Hope for Understanding...

Yesterday was "A Day of Hope". So Charlotte and I celebrated by writing the word on our hands...and spelling it out with insulin syringes. Then we posted our pics on Facebook to spread our message. What message you ask? Well, I'll be happy to share with you....

Hope: to believe, desire, or trust

If you've been following my blog for the past couple of weeks you already know that my oldest daughter, Charlotte, was diagnosed with Type 1 diabetes just over 5 years ago at the tender age of 2. And you know that our family hopes and dreams about a cure for our little girl and everyone else living with T1.

But we have another hope too....we hope for understanding!

We hope that people will...
Understand that T1 is an autoimmune disease. It is NOT caused by eating too much sugar and people do NOT outgrow it!

Understand that T1 is a disease that Charlotte lives with 24/7/365! It affects her ALL the time...awake, asleep, at home, at school, on vacation...you get the picture. She is forced to think about it every day...checking her blood sugar at least 7 times a day, having her insulin pump attached to her little body, and measuring her food to figure out the carb content so she can dose herself with insulin (since her pancreas can't do it for her).

Understand that T1 is unpredictable. Charlotte can eat the same thing every day, get the same amount of insulin, and do the same activities...yet have a completely different outcome with her blood sugar levels. So when you ask how she's doing and I have that perplexed look wash across my face it's because I have no idea how to answer your question...because despite every effort her sugars can fluctuate for seemingly no reason at all...and they often do!

Understand that insulin is not a cure....and that without it she would die!
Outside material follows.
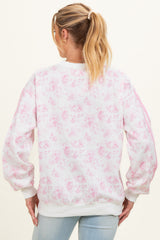 woman wearing a floral print maternity sweatshirt in light pink with puffed sleeves and a relaxed fit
And that there are still children out there without access to this life-saving drug who need our help (check out the video that Wendy posted on her blog, Candy Hearts).

Understand that Charlotte's insulin pump does NOT take care of everything for her...she still has to check her sugar, count her carbs, and tell the pump this information so that it can help figure out her dose and then allow her to deliver it.

Understand that T1 is "a big deal"...and that it has impacted our lives in more ways than I could have imagined. We aren't able to just pick up and go for a day like we did before her diagnosis...it takes planning and preparation so that we aren't caught off guard with a low blood sugar, a "bad site", etc.

Understand that yes, Charlotte CAN still eat anything she wants...and it doesn't have to be "sugar-free"...but, we do have to know how many carbs it is so that we can give her the insulin her body needs to cover for it.

Understand that those well-intentioned stories about the person you know who suffered from complications of diabetes are not well-received...especially when they're shared in front of Charlotte (or any other CWD). Case in point, Haley from Naturally Sweet had not just one, but two people share stories with her about someone they knew who suffered diabetes-related complications. These stories do NOT help us...they only serve to make us upset and worry more than we already do (and trust me we worry plenty already).

So while we are hoping and dreaming of a cure (and working hard to make it eventually become a reality)...we hope that the people whose lives cross paths with ours will take the time to understand!